[Ajout 2013 : une version actualisée et complétée de ce billet est parue en aout 2013 sur ce blog , vous pouvez la trouver en suivant ce lien]
L’année qui vient de s’écouler a été marquée par plusieurs actions au sein de l’Éducation Nationale. Parallèlement à l’action des enseignants chercheurs, un autre front portait sur la “masterisation” ou plus précisément sur la réforme de la formation. Mon propos n’est pas ici de revenir en détail sur le fond de cette réforme. Disons que celle-ci est dictée essentiellement par des objectifs budgétaires et aura pour conséquence d’entraîner, à mon sens, une régression de la formation des enseignants. Cette année scolaire qui vient risque donc d’être celle de la fin des IUFM et d’une formation commune et transversale à tous les niveaux d’enseignement. Alors que l’idée que l’enseignement était un seul et même métier qui s’apprend faisait son chemin, on s’achemine vers une distinction entre le primaire et le secondaire. En ce qui concerne les professeurs de lycée et collège, la tendance lourde est à un repli didactique au détriment de la pédagogie. Alors que le métier nécessite de plus en plus une vision globale, un travail en équipe et une formation à de multiples compétences, c’est bien à une régression qu’on risque d’assister malgré le slogan illusoire de la “revalorisation” liée à la masterisation…
Mais arrêtons là ce coup de gueule pour se concentrer sur l’essentiel du propos de ce billet.
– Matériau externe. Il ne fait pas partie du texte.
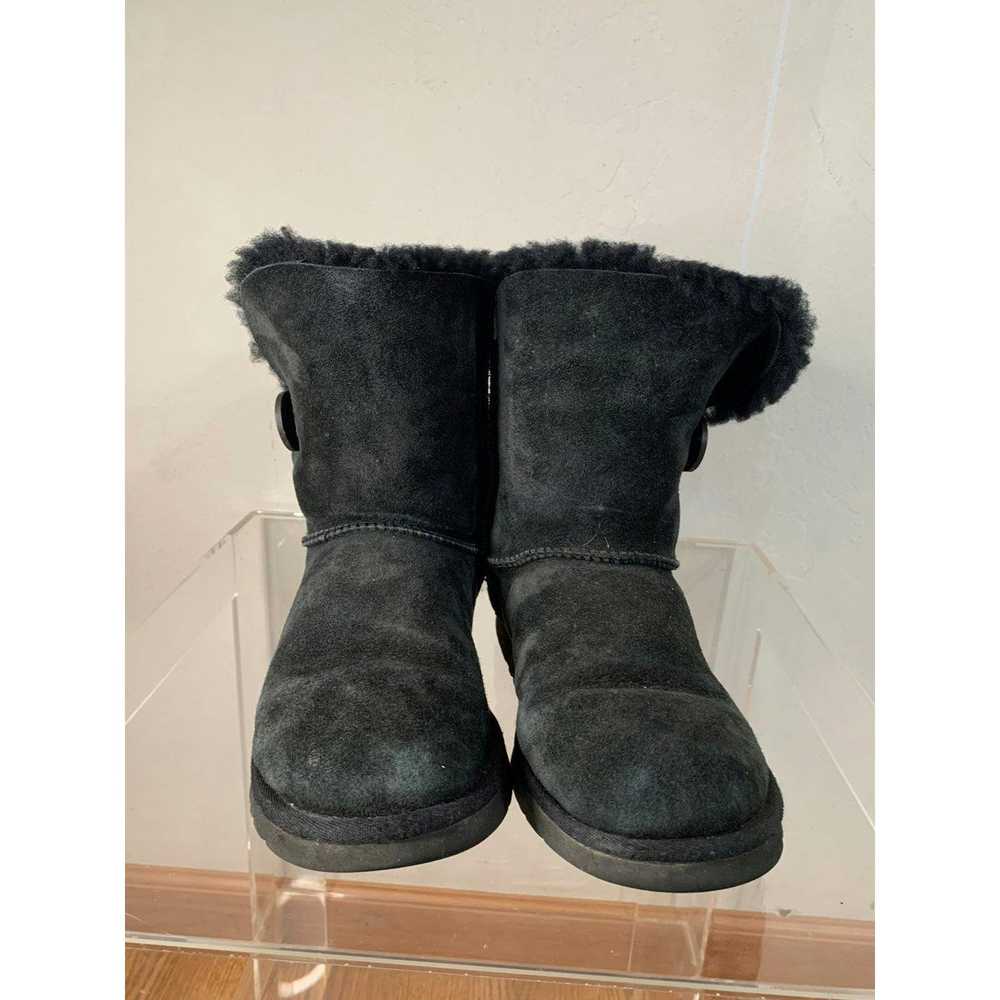 Ugg UGG Women Black Bailey Button Boots size 6 - image 7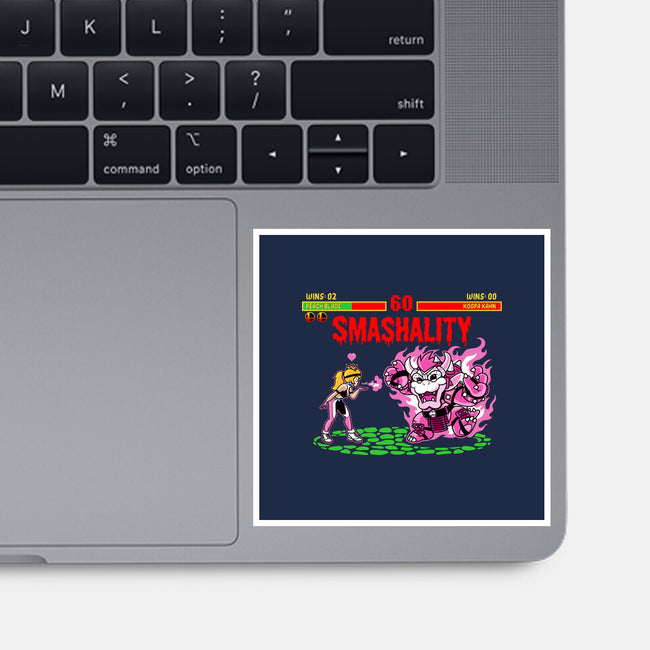 Smash Kombat-None-Glossy-Sticker-demonigote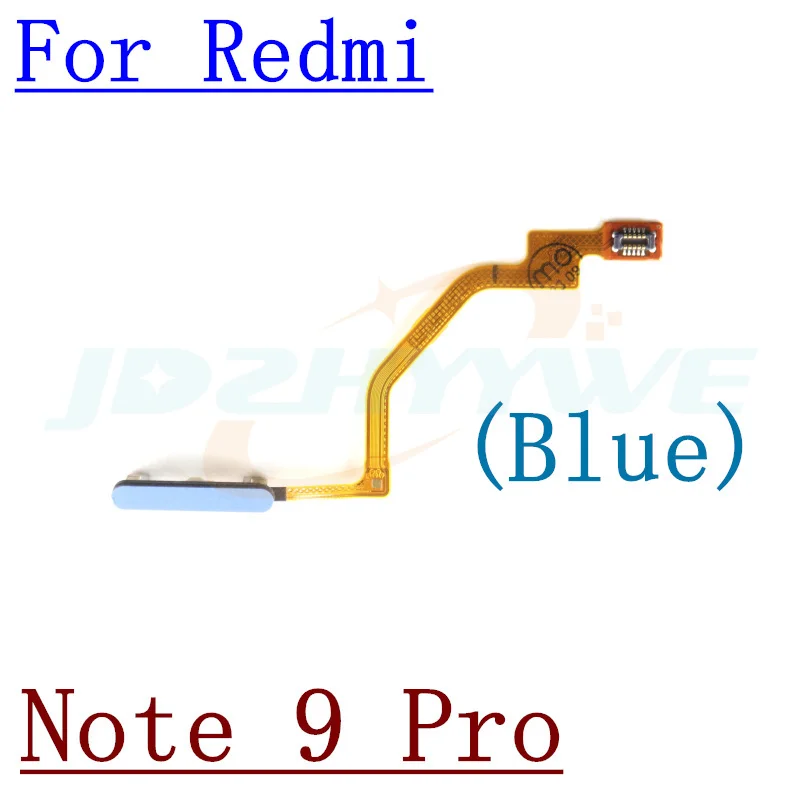 For Xiaomi Redmi Note 9 Pro 9pro 4G/5G Fingerprint Sensor Scanner Touch ID Connect Motherboard home button Flex Cable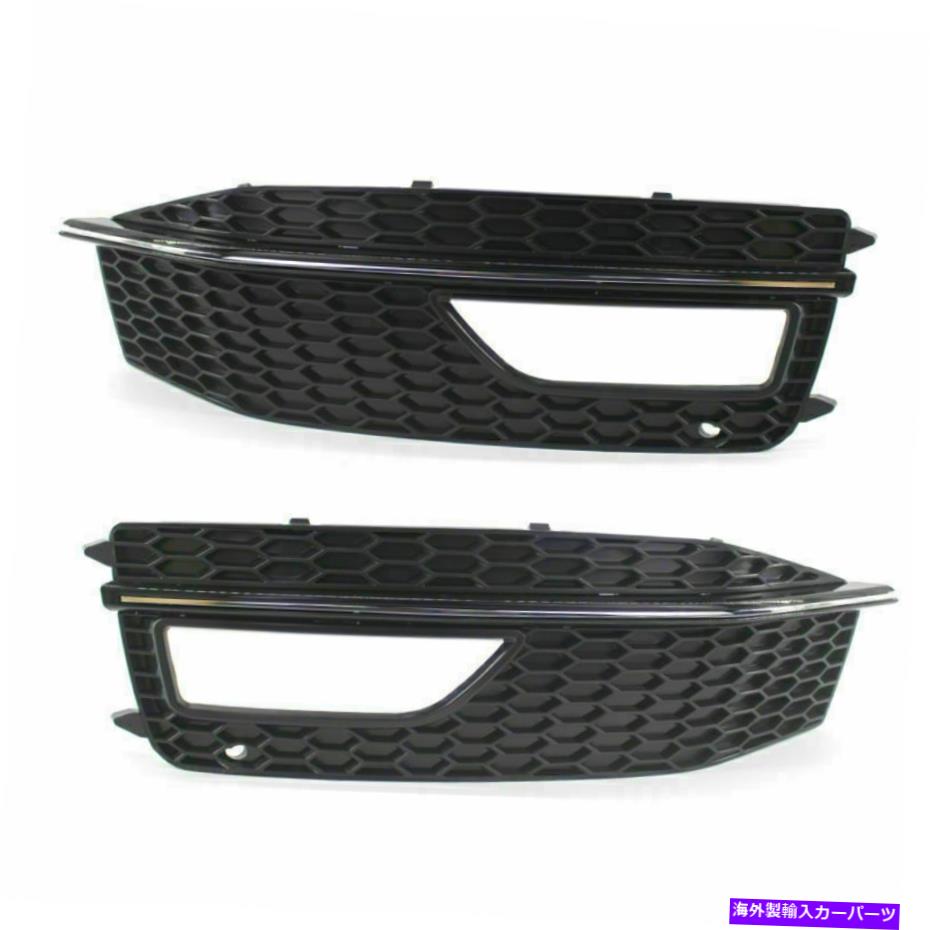 フォグライト アウディA4 S4 B8 2013-2015 S-Line US Stockのブラックフロントバンパーフォグライトグリル Black Front Bumper Fog Light Grill For Audi A4 S4 B8 2013-2015 S-Line US Stock【並行輸入品】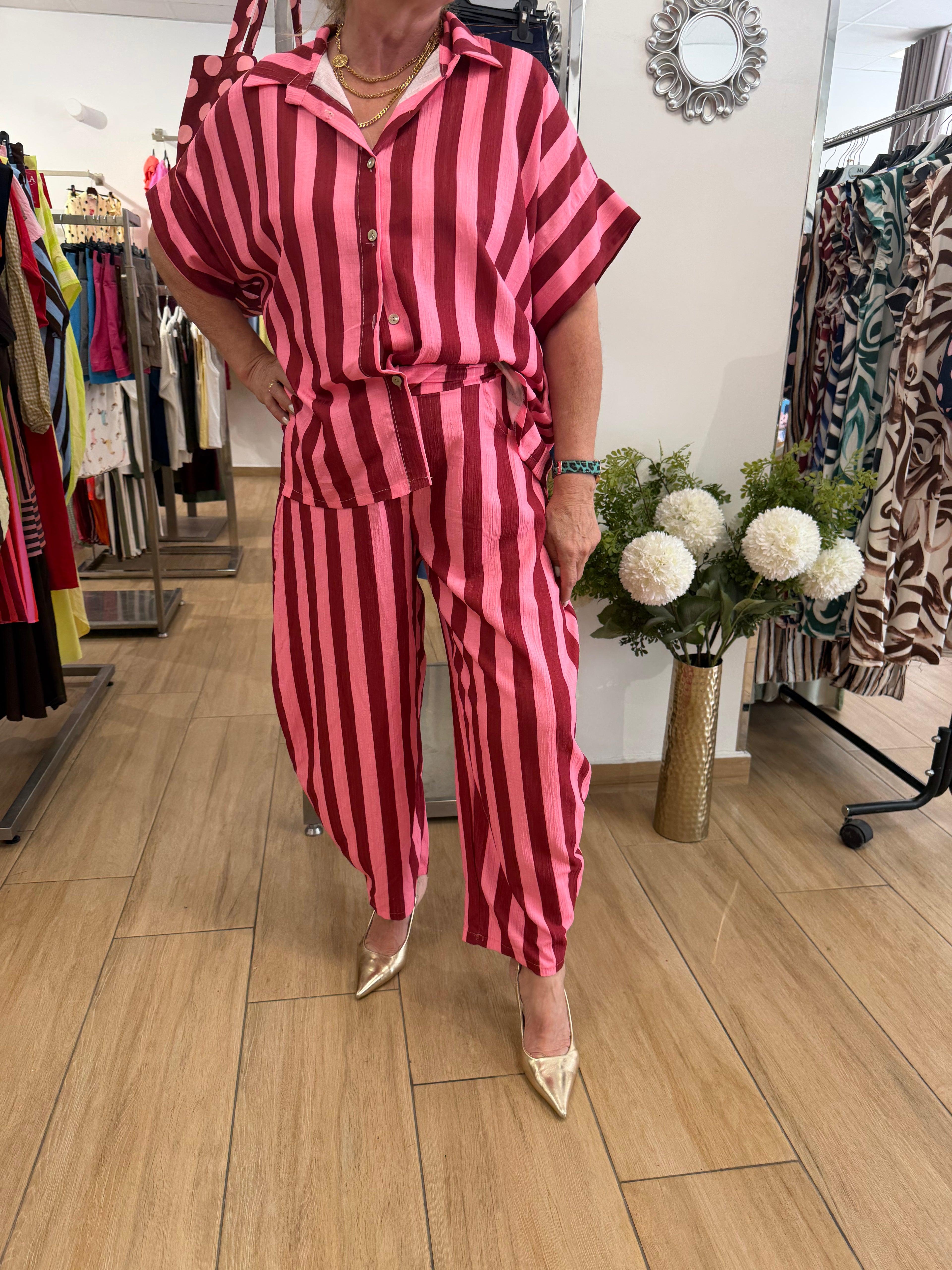 PANTALÓN RAYA ROSA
Comme je l’ai déjà fait les années passées, je propose dans un deuxième post une ”revue des sites” aux enseignants (jeunes ou moins jeunes) qui vont débuter dans ce nouveau métier, et qui se demandent peut-être comment se préparer. Je voudrais cette année l’assortir de conseils. L’âge venant, je me sens autorisé à le faire en m’appuyant sur ma triple expérience d’enseignant en lycée (c’est ma 29ème rentrée) de formateur à l’IUFM et de militant pédagogique. Mais ces remarques sont évidemment discutables. Il n’y a pas de dogme et encore moins une seule manière d’enseigner.
Raisonner en tension
On a trop souvent opposé la didactique et la pédagogie, la maîtrise des connaissances et la relation pédagogique, l’autorité et la spontanéité, l’effort et le “ludique”, l’individuel et le collectif…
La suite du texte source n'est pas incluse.